The data START

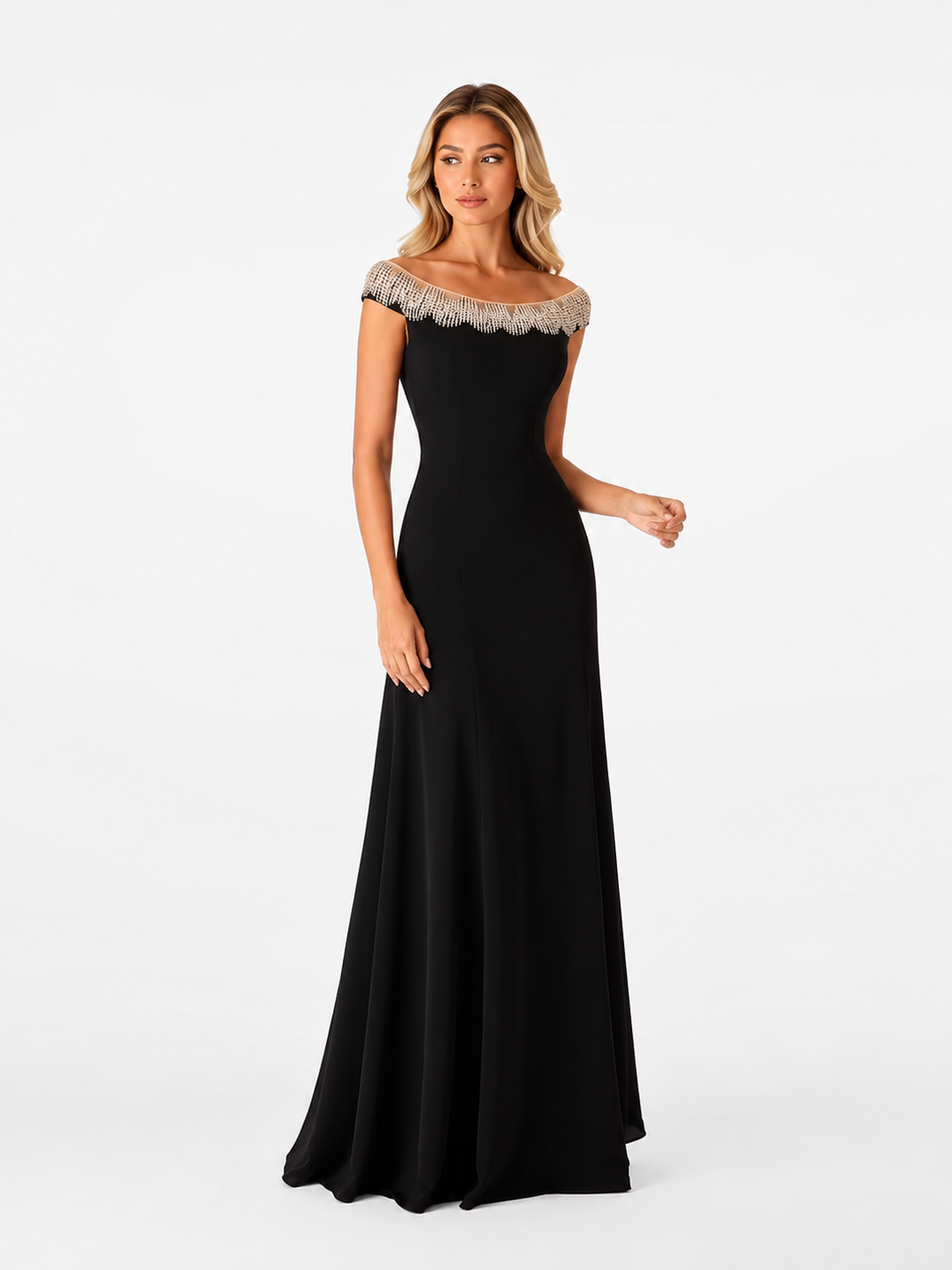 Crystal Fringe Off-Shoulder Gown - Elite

The data END
The data START

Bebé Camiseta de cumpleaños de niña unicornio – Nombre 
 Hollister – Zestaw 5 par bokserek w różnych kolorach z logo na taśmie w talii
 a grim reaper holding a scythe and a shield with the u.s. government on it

The data END

**What the task asks**:
Using the entries above, extract exactly the span from the line with "Hollister – Zestaw" to the line with "a grim reaper", both lines included; leave out everything else.

**Answer to this task**:
 Hollister – Zestaw 5 par bokserek w różnych kolorach z logo na taśmie w talii
 a grim reaper holding a scythe and a shield with the u.s. government on it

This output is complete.